§ Dataset entries
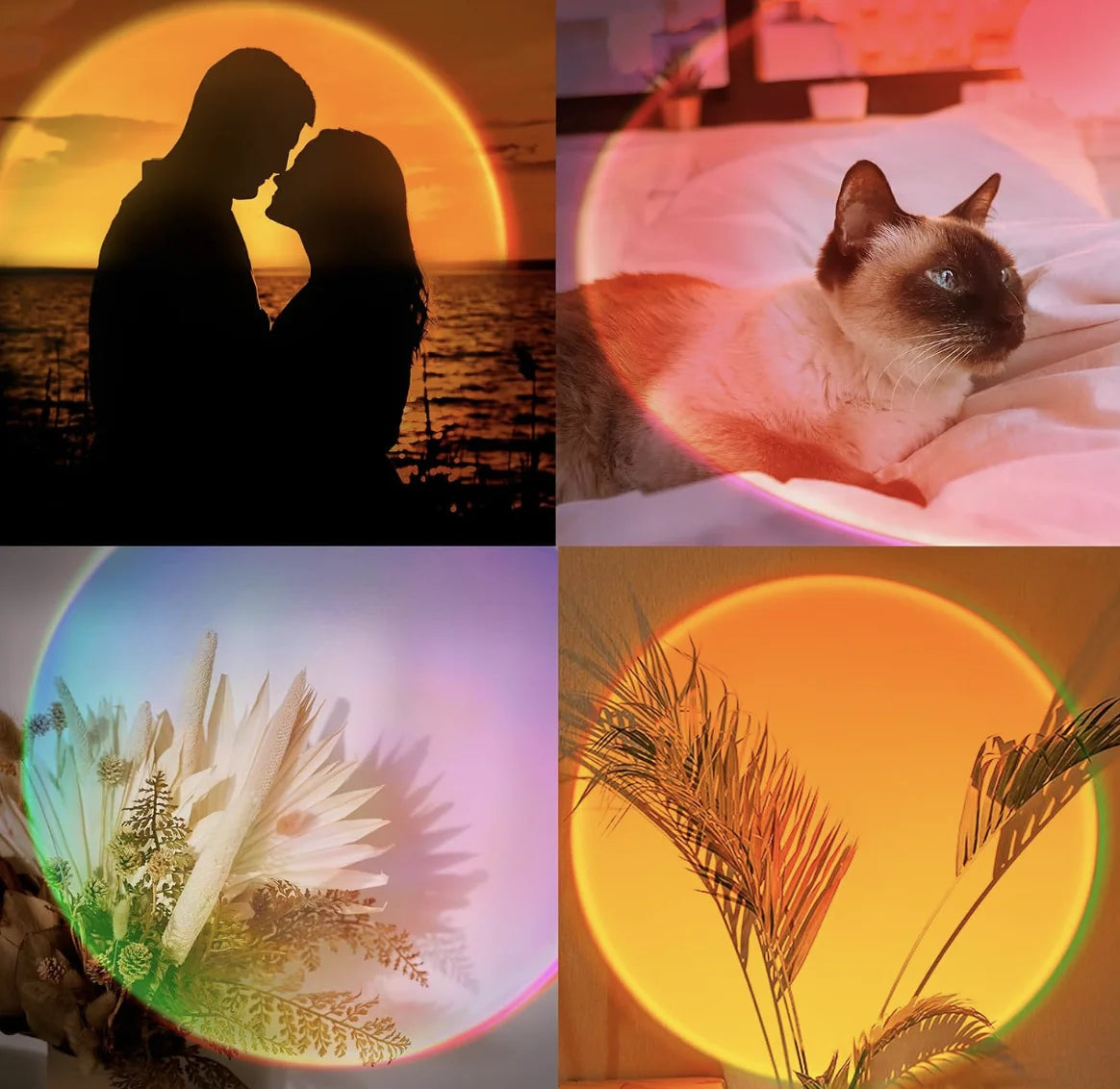 Sunset Lamp Projector Multicolor Changing LED Projection Lamps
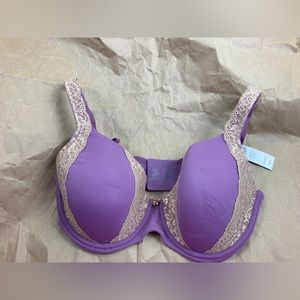 Soma Embraceable Full Coverage and Lined 36DDD (36F) bra NWT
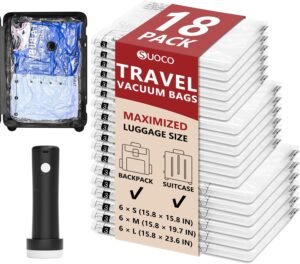 Travel Vacuum Bags for Clothing wit...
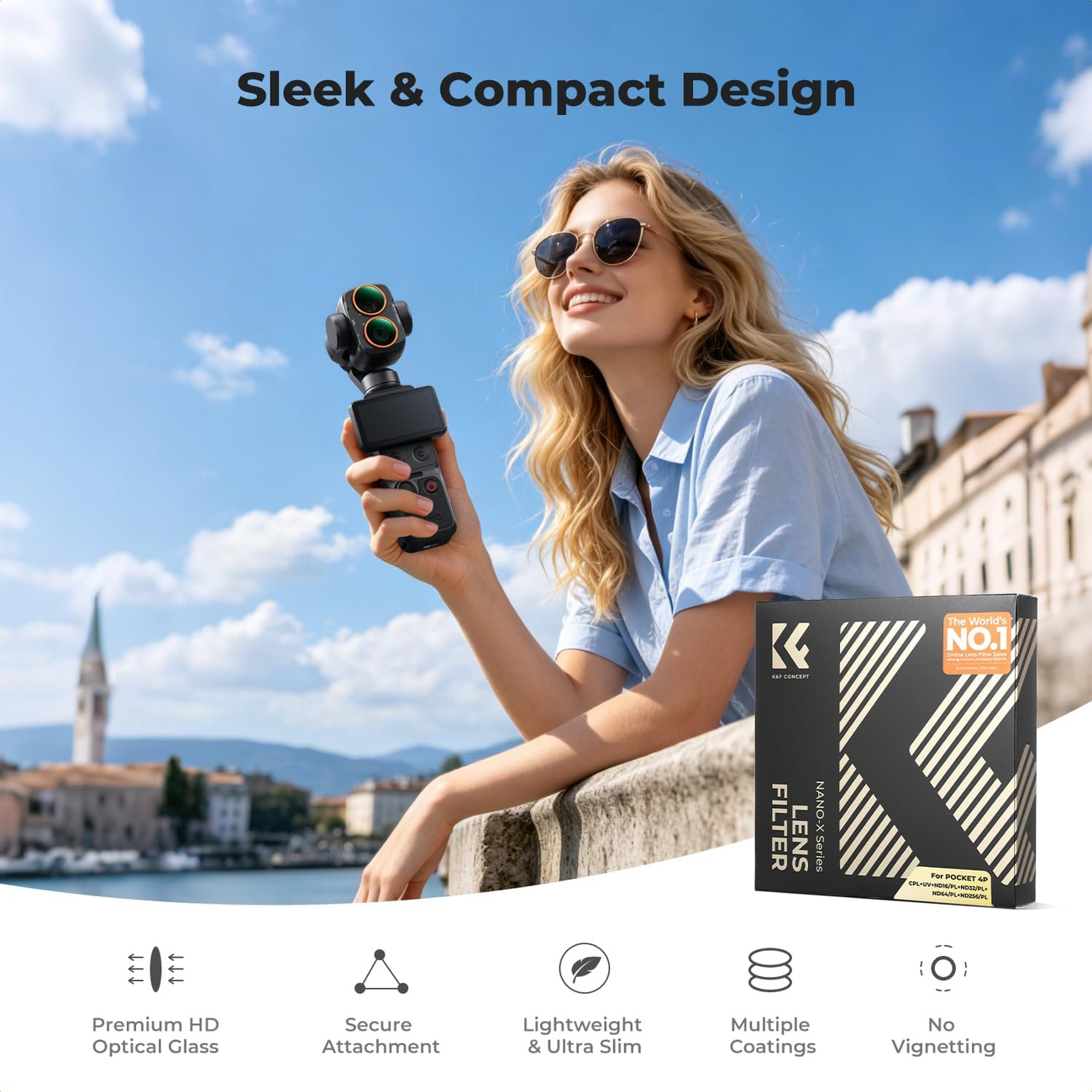Filtry ND PL K&F Concept do kontroli ekspozycji i polaryzacji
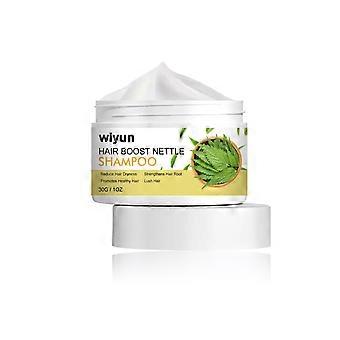 Hair Boost Nettle Shampoo  Deep Cleansing, Moisturizing & Anti-Hair Fall Formula with Ginger Extract, Vitamin E & Glycerin for Thicker, Shinier, Healt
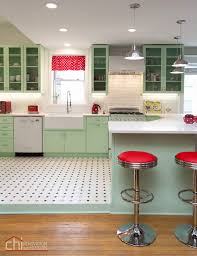 a 1950s retro chicago kitchen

§ Description of the task
Retype the data above exactly. Do not carry over any images.

§ Answer below
 Sunset Lamp Projector Multicolor Changing LED Projection Lamps
 Soma Embraceable Full Coverage and Lined 36DDD (36F) bra NWT
 Travel Vacuum Bags for Clothing wit...
Filtry ND PL K&F Concept do kontroli ekspozycji i polaryzacji
 Hair Boost Nettle Shampoo  Deep Cleansing, Moisturizing & Anti-Hair Fall Formula with Ginger Extract, Vitamin E & Glycerin for Thicker, Shinier, Healt
 a 1950s retro chicago kitchen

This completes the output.